Let’s get one thing straight right away: Whether it’s a sideline gig or a full-time consulting concern, if you’re providing goods or services in exchange for payment, you are running a business. If you started the enterprise yourself–no matter what the reason, or whether you operate from a corner of your bedroom–that makes you an entrepreneur. While you giggle or shake your head at being lumped in with the likes of Oprah Winfrey and Bill Gates, start getting used to the idea that you’re part of a business revolution. The U.S. Census estimates that 10.4 million people are self-employed. That’s more than a micro-trend; it’s an economic force to be reckoned with.  However, many individuals, especially in this last year of mass layoffs, have put off doing the paperwork required to become a full-fledged enterprise in favor of waiting to “get a real job.” In the meantime, patching together project work or pursuing a passion there just wasn’t time for while “working for the man” is generating income.

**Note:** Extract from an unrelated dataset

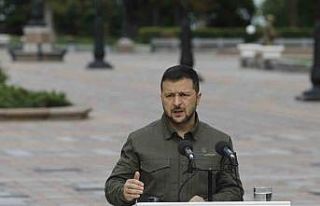 Zelenskiy: “Ukrayna devam eden savaşa rağmen seçim...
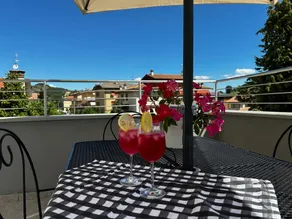 Delightful Apartment With Private Terrace - Image 4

Once that begins, no matter how much is on the balance sheet, the IRS can come knocking. So it’s best to make things legit.

Sole Proprietor Startup 101
A sole proprietorship is a business structure owned by one person (and sometimes his or her spouse) that isn’t registered with the state as a corporation or a limited liability company (LLC). Says Jason Deshayes, an Albuquerque-based CPA, “Sole proprietorships are easy to set up and require very little legal work, outside of a business license.”

Registering your business to comply with any license or permit laws can be as simple as calling your local City Hall and asking how to obtain a business license .  It will cost you, and the rates vary based on your municipality’s schedule. Once you register, you’ll get a Tax ID number. That’s helpful for client invoicing–so you don’t have to sling your Social Security number around.

Take Care of the Tax Man
Once you’ve got your license, turn your thoughts to bookkeeping. Kristen Fischer, author of Creatively Self-Employed, says engaging an accountant at this early stage of the game can put you on the road to setting up organized systems to track income and expenses.

“Even if you don’t use an accountant in the future, spend the extra money [upfront] and use that person as a resource. Find out what you can deduct and depreciate.”  Scott Estill, author of Tax This! An Insider’s Guide to Standing Up to the IRS, points out that the U.S. tax code offers numerous deductions for small businesses, such as expenses related to a home office, travel, meals, entertainment, computers, cell phones, and other business items. “The only requirement to qualify as a business is to have a profit motive (as opposed to a hobby, in which profit is not a primary consideration). Estill also notes that a sole proprietor is not required to make any estimated quarterly tax payments until an actual net profit is earned.